Using this crate, the same binary and code can run in multiple clouds and local test environments, via a simple runtime configuration change.

§Highlights

  1. A high-performance async API focused on providing a consistent interface mirroring that of object stores such as S3

  2. Production quality, leading this crate to be used in large scale production systems, such as crates.io and [InfluxDB IOx]

  3. Support for advanced functionality, including atomic, conditional reads and writes, vectored IO, bulk deletion, and more…

  4. Stable and predictable governance via the Apache Arrow project

  5. Small dependency footprint, depending on only a small number of common crates

Originally developed by InfluxData and subsequently donated to Apache Arrow.

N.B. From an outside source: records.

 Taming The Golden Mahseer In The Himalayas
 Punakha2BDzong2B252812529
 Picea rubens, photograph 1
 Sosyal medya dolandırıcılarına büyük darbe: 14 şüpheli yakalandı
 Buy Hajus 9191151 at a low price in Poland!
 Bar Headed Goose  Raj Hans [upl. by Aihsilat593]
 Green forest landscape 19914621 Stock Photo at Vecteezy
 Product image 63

§Available ObjectStore Implementations

By default, this crate provides the following implementations:

Feature flags are used to enable support for other implementations:

§Why not a Filesystem Interface?

The ObjectStore interface is designed to mirror the APIs of object stores and not filesystems, and thus has stateless APIs instead of cursor based interfaces such as Read or Seek available in filesystems.

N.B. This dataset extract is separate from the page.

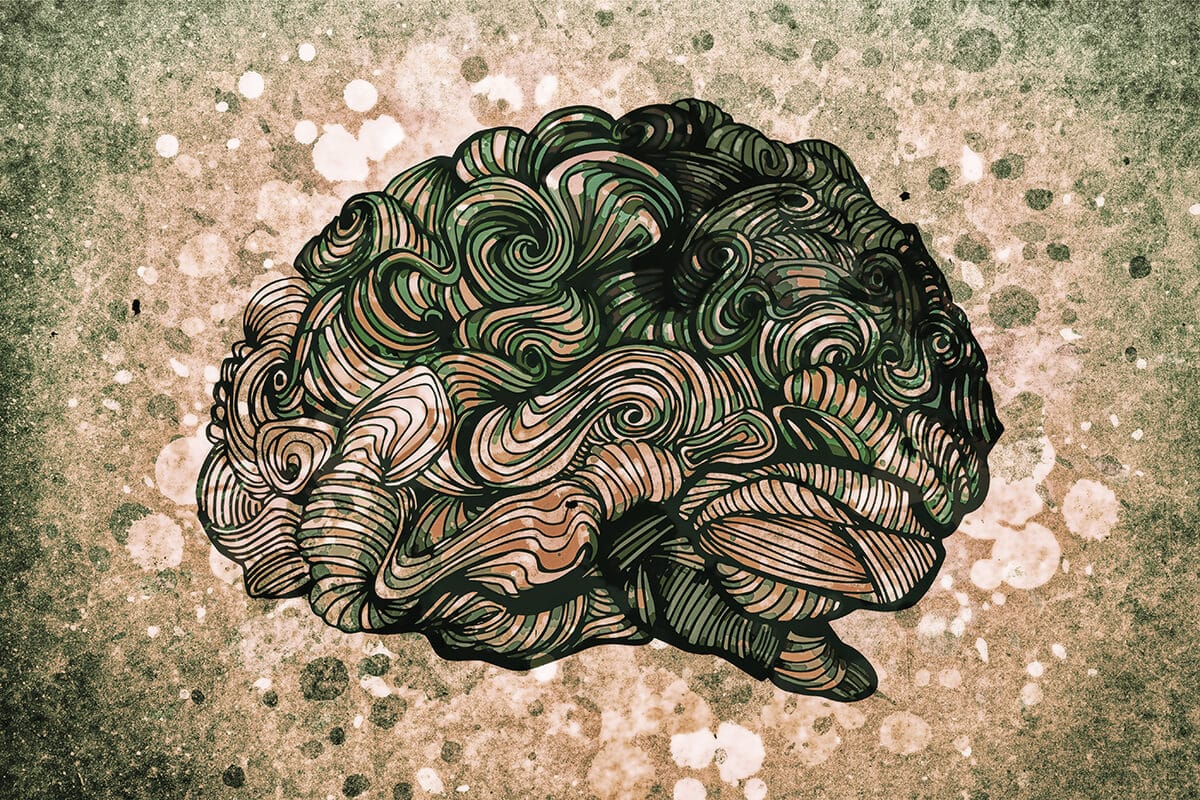 brainbalassa2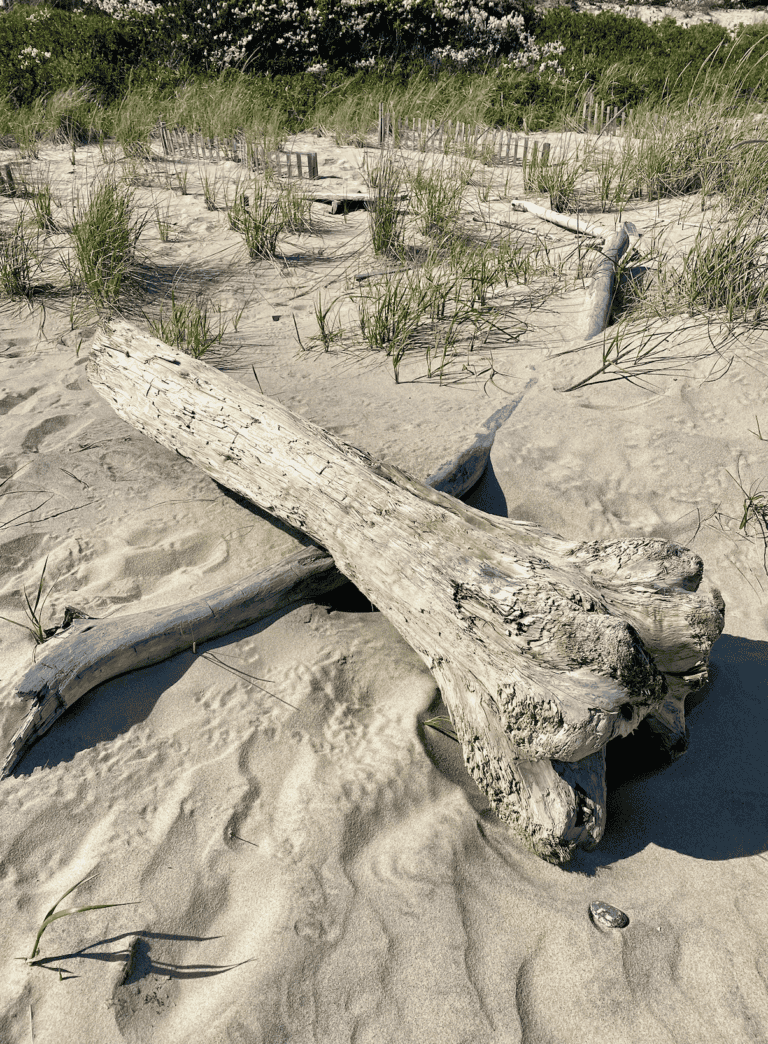 best beaches in the hamptons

This design provides the following advantages:

  • All operations are atomic, and readers cannot observe partial and/or failed writes
  • Methods map directly to object store APIs, providing both efficiency and predictability
  • Abstracts away filesystem and operating system specific quirks, ensuring portability
  • Allows for functionality not native to filesystems, such as operation preconditions and atomic multipart uploads

This crate does provide BufReader and BufWriter adapters which provide a more filesystem-like API for working with the ObjectStore trait, however, they should be used with care

§Adapters

ObjectStore instances can be composed with various adapters which add additional functionality:

§Configuration System

This crate provides a configuration system inspired by the APIs exposed by fsspec, PyArrow FileSystem, and Hadoop FileSystem, allowing creating a DynObjectStore from a URL and an optional list of key value pairs. This provides a flexible interface to support a wide variety of user-defined store configurations, with minimal additional application complexity.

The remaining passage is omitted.